Le 01/01/2021 à 10h48, mis à jour le 01/01/2021 à 11h18

"Je viens vous souhaiter la bonne année": minuit est déjà passé quand le Premier ministre français Jean Castex se présente à l'un des postes de garde du siège de la force antiterroriste Barkhane à N'Djaména, afin de marquer son soutien à des troupes endeuillées par la mort de trois soldats.

"Est-ce que vous avez eu le dîner de gala tout de même", lance le Premier ministre aux quatre hommes désignés volontaires pour surveiller la grille de l'entrée des civils en ce soir de Saint-Sylvestre.

La bascule de 2020 à 2021 s'effectue dans une atmosphère particulière pour les 5.100 soldats français de la force Barkhane, qui ont perdu lundi trois des leurs dans l'explosion d'une mine artisanale au Mali.

Si Castex avait décidé d'honorer la tradition des fêtes de fin d'année avec les troupes avant cet évènement, sa venue a pris un tour symbolique, à l'image de l'hommage rendu jeudi soir sous la pleine lune et les drapeaux en berne.
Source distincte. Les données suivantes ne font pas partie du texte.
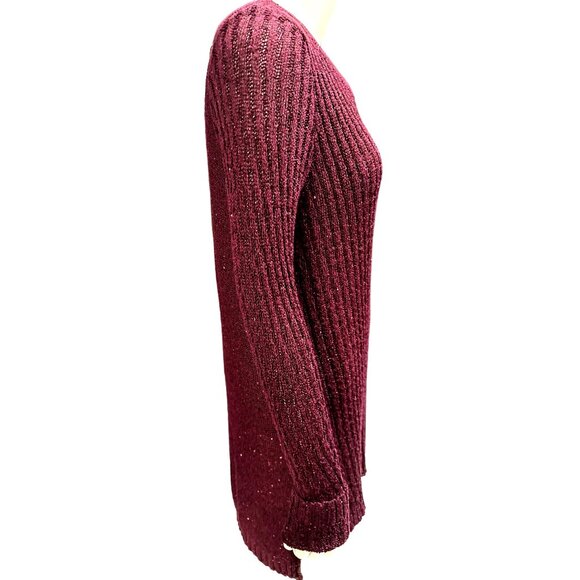 Apt. 9 Cable Knit Plum Satin Mock Layer Sweater and Polyester Tank Top Tunic Swe - Picture 3 of 11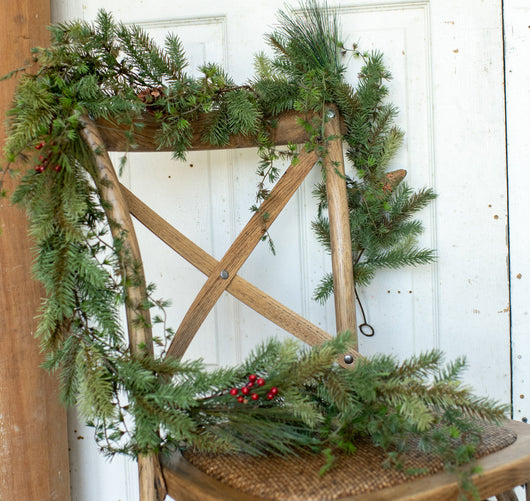 CB-05 Faux Pine, Cones & Red Berries Garland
Exprimant sa "profonde tristesse", il a insisté sur "la volonté intacte" de la France de combattre le terrorisme islamiste au Sahel, malgré les 47 morts déplorés depuis 2013.

"Cette tristesse ne doit jamais nous abattre, bien au contraire. Notre détermination ne doit en être que plus forte", a-t-il martelé.

Multipliant les messages de reconnaissance aux quelque 800 soldats stationnés au camp Kosseï, Castex a aussi échangé de manière informelle avec certains d'entre eux, comme cet adjudant qui témoignait du "sacrifice" personnel consenti. "Les armées sont très sollicitées humainement et techniquement", a-t-il notamment relevé.

Quelques bulles de champagne dans des coupes en plastique, éclairage néon et sono défaillante, le Premier ministre a dans le décor hétéroclite du "Hard rock café" - une sorte de guinguette avec des fauteuils en wax et des logos route 66 - délivré en retour des mots de motivation. "Nous essayons d'être comme vous: plus l'adversité est forte, plus nous sommes déterminés", a-t-il ainsi lancé.

- Incertitudes -

Attablé avec 5 soldats, dont le commandant de la force Barkhane, Marc Conruyt, mais aussi ce lieutenant mère de deux enfants qui a vécu son cinquième Noël en opération extérieure, le Premier ministre n'a cependant guère apporté de réponses au lot de questions que charrie la nouvelle année.

Et il ne faut pas en attendre davantage vendredi, alors que Castex ira à la rencontre des contingents positionnés à Faya-Largeau (nord), une oasis dans le désert tournée vers la Libye, puis à Abéché (est), un important verrou militaire près du Soudan.

Barkhane arrive pourtant à un nouveau tournant stratégique et l'avenir de la présence militaire française au Sahel est nimbée d'incertitude, même si Paris prend soin d'écarter le terme de "désengagement".

Ce dossier s'est évidemment invité lors d'un entretien au coin du feu entre Castex et Idriss Déby, jeudi après-midi, à Amdjarass (est), le fief du président tchadien à un jet de pierre de la frontière soudanaise.

"Nous avons évoqué des pistes de renforcement de cette coopération" entre la France et le Tchad "avec un objectif commun qui est la lutte contre le terrorisme, que ce soit au Sahel", contre le groupe Etat islamique (EI) ou la nébuleuse d'Al-Qaida, "ou dans la zone du lac Tchad" face à Boko Haram, a simplement déclaré le Premier ministre français.

Car les décisions seront prises lors du prochain sommet de N'Djaména, en janvier ou février, réunissant la France et ses partenaires du G5 Sahel (Mali, Niger, Burkina Faso, Mauritanie et Tchad) engagés dans la lutte antiterroriste.

Ce rendez-vous marquera le premier anniversaire du sommet de Pau (janvier 2020) qui avait recentré les objectifs sur la zone dite des "trois frontières" (Mali, Niger, Burkina Faso), avec plusieurs succès tactiques à la clé notamment contre l'Etat islamique au Grand Sahara (EIGS).

Plusieurs sources laissent désormais entendre que la France pourrait réduire la voilure, déjà en rappelant les 600 renforts déployés cette année, mais aussi en misant sur la montée en puissance des forces locales. Et l'arrivée de forces suédoises et tchèques en ce début 2021 fait aussi espérer une plus grande implication européenne.